Problematic job groups:

openqa=> select concat('https://openqa.suse.de/group_overview/', group_id) as group_url, (select name from job_group_parents where id = (select parent_id from job_groups where id = group_id)) as parent_group_name, (select name from job_groups where id = group_id) as group_name, count(id) as job_count from jobs where TEST = 'oscap_bash_anssi_bp28_high' group by group_id order by job_count desc;
                 group_url                 |        parent_group_name        |              group_name              | job_count 
-------------------------------------------+---------------------------------+--------------------------------------+-----------
 https://openqa.suse.de/group_overview/429 | Maintenance: Aggregated updates | Security Maintenance Updates         |       839
 https://openqa.suse.de/group_overview/268 | SLE 15                          | Security                             |       141
 https://openqa.suse.de/group_overview/517 | Maintenance: QR                 | Maintenance - QR - SLE15SP5-Security |        43
 https://openqa.suse.de/group_overview/462 | Maintenance: QR                 | Maintenance - QR - SLE15SP4-Security |        38
 https://openqa.suse.de/group_overview/588 | Maintenance: QR                 | Maintenance - QR - SLE15SP6-Security |         1
(5 rows)
Actions #6

Updated by mkittler 4 months ago

Those are the most offending jobs:

openqa=> select count(id), pg_size_pretty(sum(result_size)) from jobs where group_id is null and TEST like 'oscap_%_anssi_bp28_high:investigate%' and t_finished < '2024-08-06';
 count | pg_size_pretty 
-------+----------------
  2488 | 548 GB
(1 row)
openqa=> select count(id), pg_size_pretty(sum(result_size)) from jobs where group_id is null and TEST like 'oscap_%_anssi_bp28_high:investigate%' and t_finished >= '2024-08-06';
 count | pg_size_pretty 
-------+----------------
   700 | 157 GB
(1 row)

I am deleting currently the jobs from before today via:

openqa=> \copy (select id from jobs where group_id is null and TEST like 'oscap_%_anssi_bp28_high:investigate%' and t_finished < '2024-08-06') to '/tmp/jobs_to_delete' csv;
COPY 2488
martchus@openqa:~> for id in $(cat /tmp/jobs_to_delete) ; do sudo openqa-cli api --osd -X delete jobs/$id ; done
Actions #7

Updated by okurz 4 months ago

  • Copied to action #164988: Better accounting for openqa-investigation jobs size:S added
Actions #8

Updated by livdywan 4 months ago

  • Subject changed from [alert][grafana] File systems alert for WebUI /results to [alert][grafana] File systems alert for WebUI /results size:S
  • Description updated (diff)
Actions #10

Updated by mkittler 4 months ago

The deletion went through and now we're back at 83 % which should be good enough for now.

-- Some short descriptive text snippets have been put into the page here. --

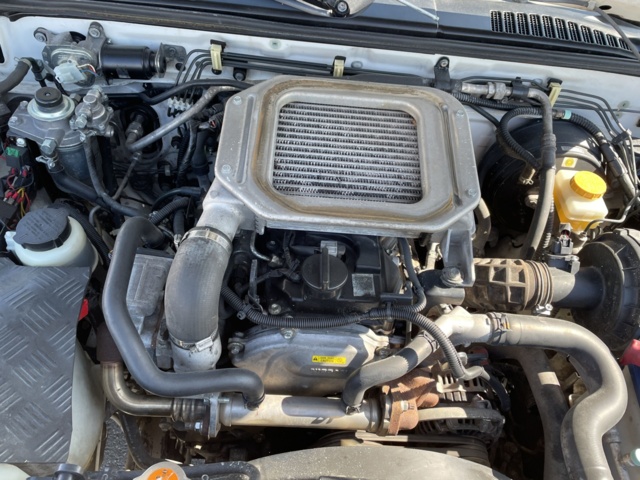 998600-93 Nissan NP300 King Cab 2.5 4WD Manual, 133hp - 2008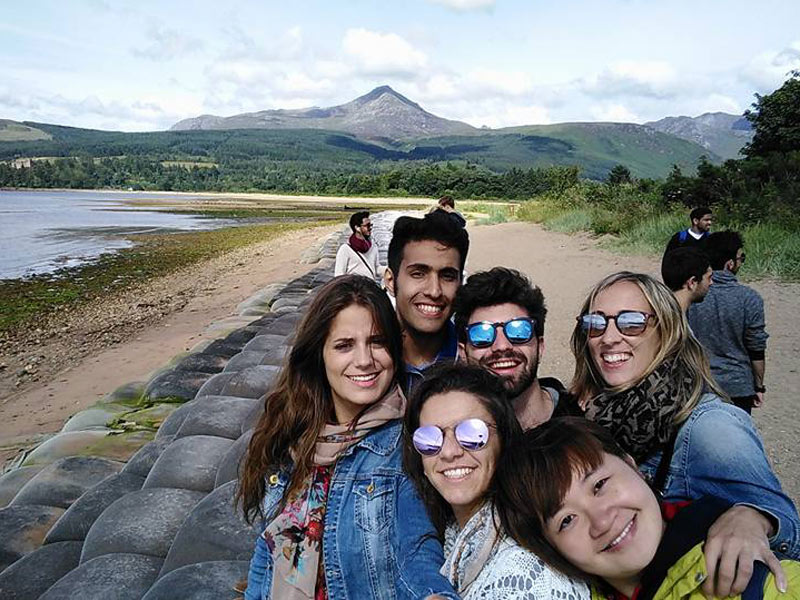 Sprachschülerinnen und Sprachschüler genießen Freizeitaktivität am Strand nach dem Englischkurs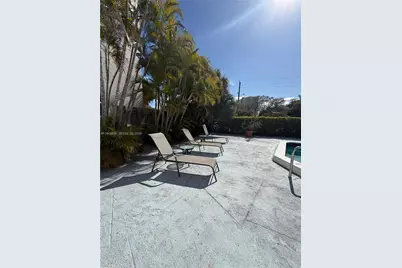 16950 W Dixie Hwy A526 Hwy #A 526, North Miami Beach, FL 33160 - Photo 13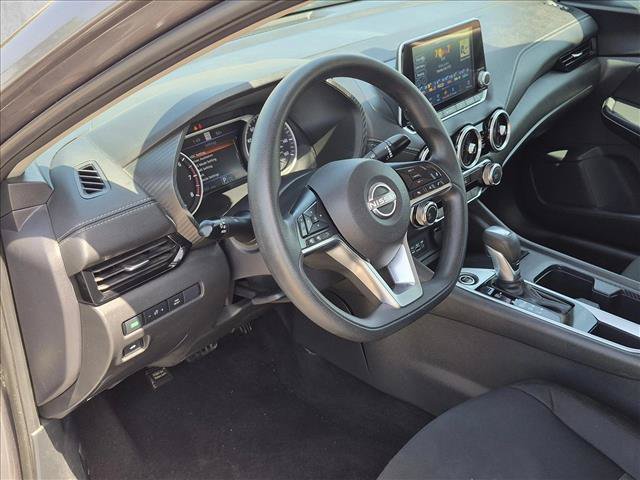 Used 2024 Nissan Sentra SV FWD image 10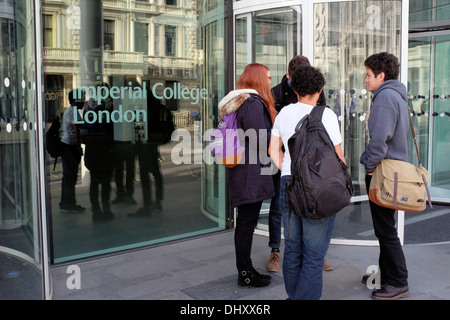 Gruppe von Studenten am Imperial College London. Stockfoto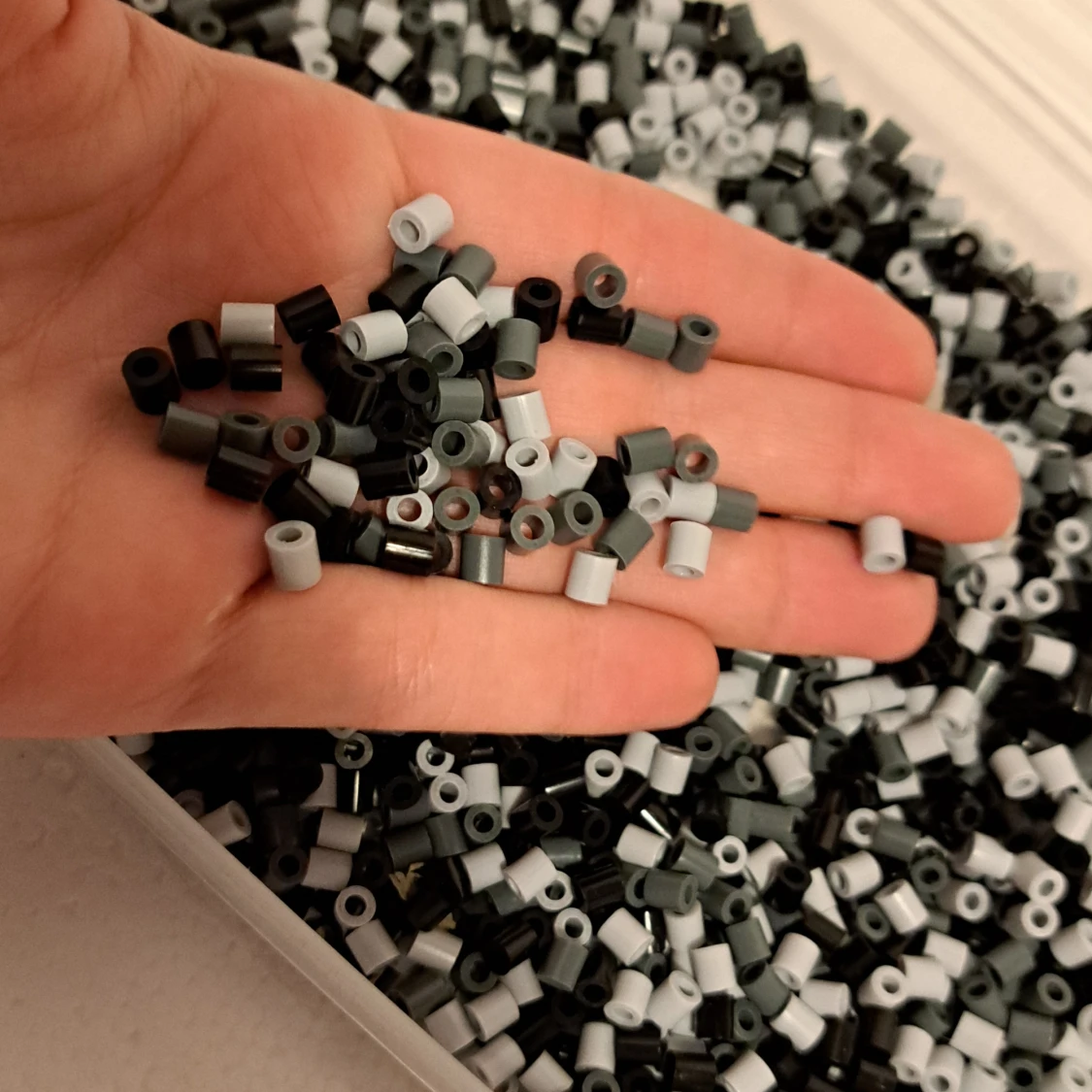 Förvaringsboxar med nabbi pärlor - 3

I also triggered another cleanup via sudo systemctl start openqa-enqueue-asset-cleanup.service to also get rid of screenshots which might now be dangling.

Actions #11

Updated by okurz 4 months ago

mkittler wrote in #note-10:

The deletion went through and now we're back at 83 % which should be good enough for now.

83% means that the space-aware cleanup can not delete more but should be able to do so so I think the job group quotas in sum are bigger than the overall available space in /results, isn't it?

Actions #12

Updated by mkittler 4 months ago

I mentioned the problematic scenarios on the Slack channel #discuss-qe-security. Let's see what the response will be. If it is not helpful and if https://gitlab.suse.de/openqa/salt-states-openqa/-/merge_requests/1243 doesn't help well enough we'll have to resort to the sledge hammer method of disabling the investigation jobs for all involved jobs groups (see #164979#note-5) by adjusting the exclude_group_regex configured in salt states.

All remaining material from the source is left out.